La remontée des taux d’intérêt s’est confirmée hier avec la décision de la Banque du Canada de hausser son taux directeur de 25 points centésimaux, pour la deuxième fois dans le trimestre. Une troisième hausse est attendue avant la fin de l’année. Quel sera l’impact pour les PME ?

« Le temps est propice pour la PME d’aller parler à son directeur de compte pour déterminer avec lui comment optimiser la gestion des liquidités de l’entreprise dans le but d’amoindrir l’impact de la hausse de taux sur ses finances », dit Simon Ledoux, vice-président associé à la PME à la Banque Nationale.

Typiquement, une PME dispose d’une marge de crédit pour financer ses opérations courantes, un prêt à terme, à taux variable ou fixe, et elle a aussi de l’argent en dépôt, dont le taux d’intérêt peut fluctuer au gré des variations du taux d’escompte.

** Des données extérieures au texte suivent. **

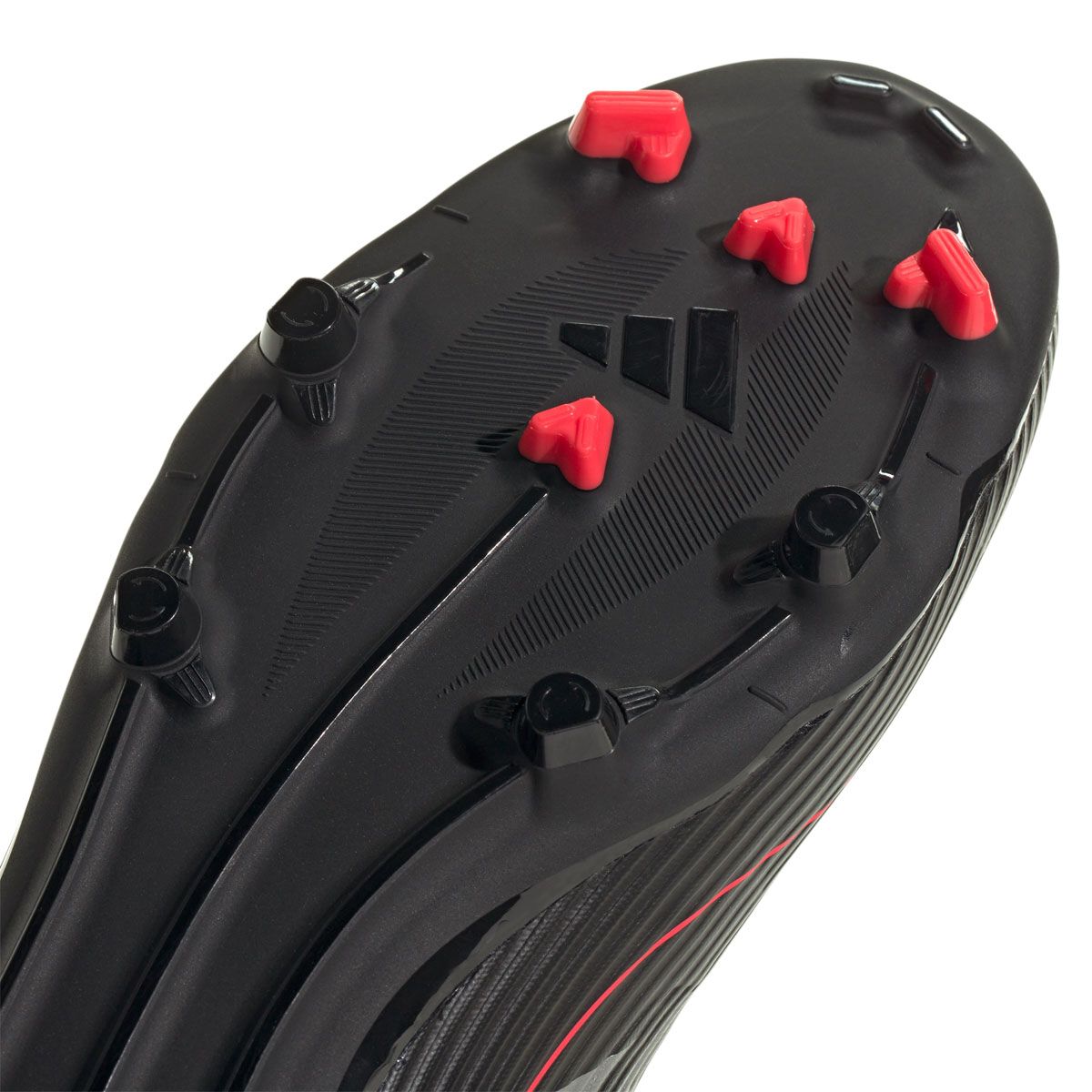 adidas F50 League Football Boots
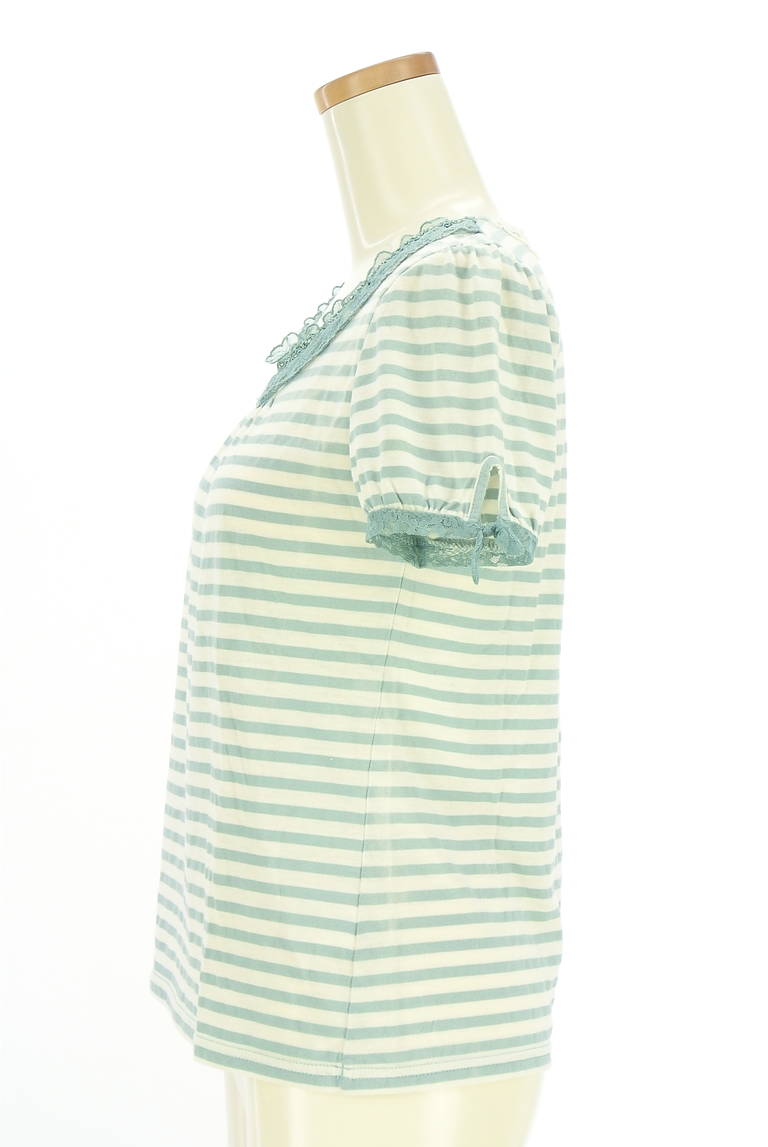 axes femme（アクシーズファム）の古着「商品番号：PR10335016」-大画像3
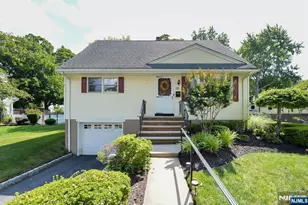 21 Wareham Rd, Dumont, NJ 07628 - Photo 1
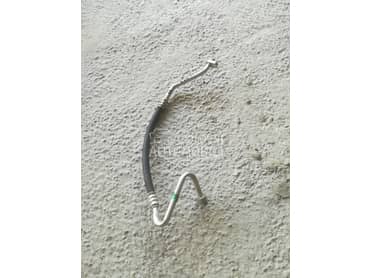 Cev klime za Citroen C1 od 2007. do 2012. god.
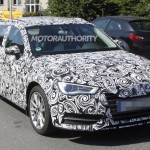 2014-audi-a3-sportback-spy-shots_100398875_m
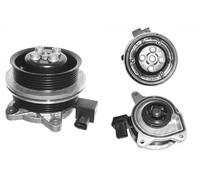 Pompa acqua A228V DOLZ per VW SEAT AUDI SKODA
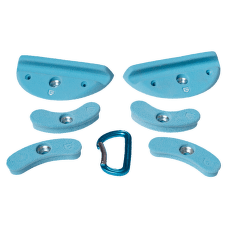 Chyt Virgin Grip Pull-up VG holds large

Un peu comme pour les particuliers, ce ne sont pas tous les prêts aux entreprises qui se trouvent impactés par la décision de la banque centrale. Le taux d’escompte de la Banque du Canada dicte le taux préférentiel des banques qui, lui-même, conditionne le taux offert sur les prêts à taux variable comme les marges de crédit et les taux de prêt à court terme.

Les prêts à long terme comme les prêts hypothécaires de 5 ou 10 ans sont dictés par les taux obligataires de même échéance.

Le conseil d’aller consulter son banquier vaut doublement pour les PME exportatrices, souligne M. Ledoux, car elles sont impactées à la fois par la hausse du loyer de l’argent et par la remontée du dollar canadien qui vient comprimer leur marge bénéficiaire quand les biens sont vendus en dollars américains.

« Il y a un travail à faire avec son conseiller pour voir s’il n’y a pas lieu, par exemple, de conclure à l’avance un contrat de change. »

— Simon Ledoux, de la Banque Nationale

La hausse du dollar canadien par rapport au billet vert est un effet collatéral de la hausse des taux par la Banque du Canada.

Des conditions de crédit encore favorables

Autrement, ce n’est pas la hausse d’un quart de point de base d’hier qui est importante pour l’entreprise, même si elle va avoir un effet immédiat sur le taux d’intérêt de sa marge de crédit ; c’est plutôt la tendance vers des coûts d’intérêt plus élevés qui importe.

« On continue d’avoir des taux extrêmement bas, fait remarquer Robert Bastien, vice-président Services aux entreprises chez Desjardins. Avec l’augmentation d’un quart de point de mercredi, les entreprises vont avoir accès à du financement conventionnel autour de 5 à 6 %. »

Le taux reste bas d’un point de vue historique, renchérit Simon Gaudreault, économiste de la Fédération canadienne de l’entreprise indépendante au Québec. « L’augmentation des taux traduit une certaine vigueur de l’économie, dit-il. Ce sont de bonnes nouvelles pour un commerçant et pour un entrepreneur. »

La PME a néanmoins une décision à prendre dans le cas d’un projet d’investissement à financer sur trois, quatre ou cinq ans, dit-il. Doit-elle le financer à taux variable ou à taux fixe ? Doit-elle allonger le terme de l’emprunt ? Dans les années passées, devant l’absence d’une menace imminente d’une hausse des taux, les PME se finançaient beaucoup avec un taux variable à court terme, pour profiter de l’escompte, indique M. Bastien, de Desjardins.

Le cas Cascades

Une grande entreprise avec un fort niveau d’endettement comme Cascades s’est prémunie contre une hausse des taux d’intérêt de court terme en renouvelant il y a quelques années une part importante de son passif à taux fixe. De plus, la société n’a pas de gros montant arrivant à échéance avant 2021, précise Hugo D’Amours, vice-président Communications et Affaires publiques.

Le titre du fabricant de carton et de papiers sanitaires a perdu près de 1 % hier en Bourse, à l’instar du marché canadien en général, en raison de la remontée du dollar canadien face au dollar américain.